Generating LexersΒΆ

In order to parse text, you first have to turn that text into individual tokens with a lexer. Such a lexer can be generated with the rply.LexerGenerator.

Lexers are generated by adding rules to a LexerGenerator instance. Such a rule consists of a name, which will be used as the type of the token generated with that rule, and a regular expression defining the piece of text to be matched.

As an example we will attempt to generate a lexer for simple mathematical expressions:

lg = LexerGenerator()

lg.add('NUMBER', r'\d+')

lg.add('PLUS', r'\+')
lg.add('MINUS', r'-')

We have no defined rules for numbers, an addition and subtraction operator. We can now build a lexer and use it:

>>> l = lg.build()
>>> for token in l.lex('1+1-1'):
...     print(token)
...
Token(NUMBER, '1')
Token(ADD, '+')
Token(NUMBER, '1')
Token(MINUS, '-')
Token(NUMBER, '1')

This works quite nicely however there is but a small problem:

>>> for token in l.lex('1 + 1'):
...     print(token)
Token('NUMBER', '1')
Traceback (most recent call last):
...
LexingError

What happened is that the lexer is able to match the '1' at the beginning of the string and it yields the correct token for that but afterwards the string ' + 1' is left and no rule matches.

While we do want lexing to continue at that stage, we do not care about whitespace and would like to ignore it.
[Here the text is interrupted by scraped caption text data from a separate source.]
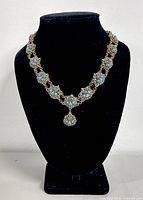 Front view of the full necklace on display stand showing floral turquoise and coral medallions linked by brass.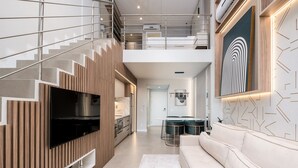 Un interior moderno con una escalera, un televisor de pantalla plana, un sofá y una zona de comedor.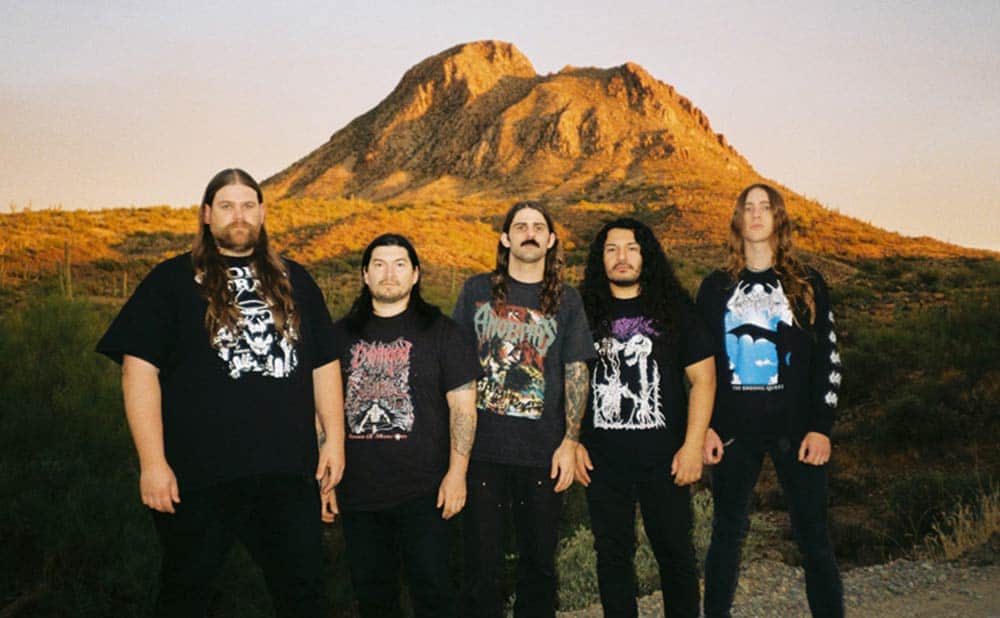 Five men with long hair stand outdoors in front of a rocky hill at sunset, wearing dark graphic T-shirts with band logos and jeans, posing together for a group photo.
This can be done using ignore():

lg.ignore(r'\s+')

This adds a rule which will be ignored by the lexer and not produce any tokens:

>>> l = lg.build()
>>> for token in l.lex('1 + 1'):
...     print(token)
...
Token('NUMBER', '1')
Token('ADD', '+')
Token('NUMBER', '1')

With this you know everything there is to know about generating lexers.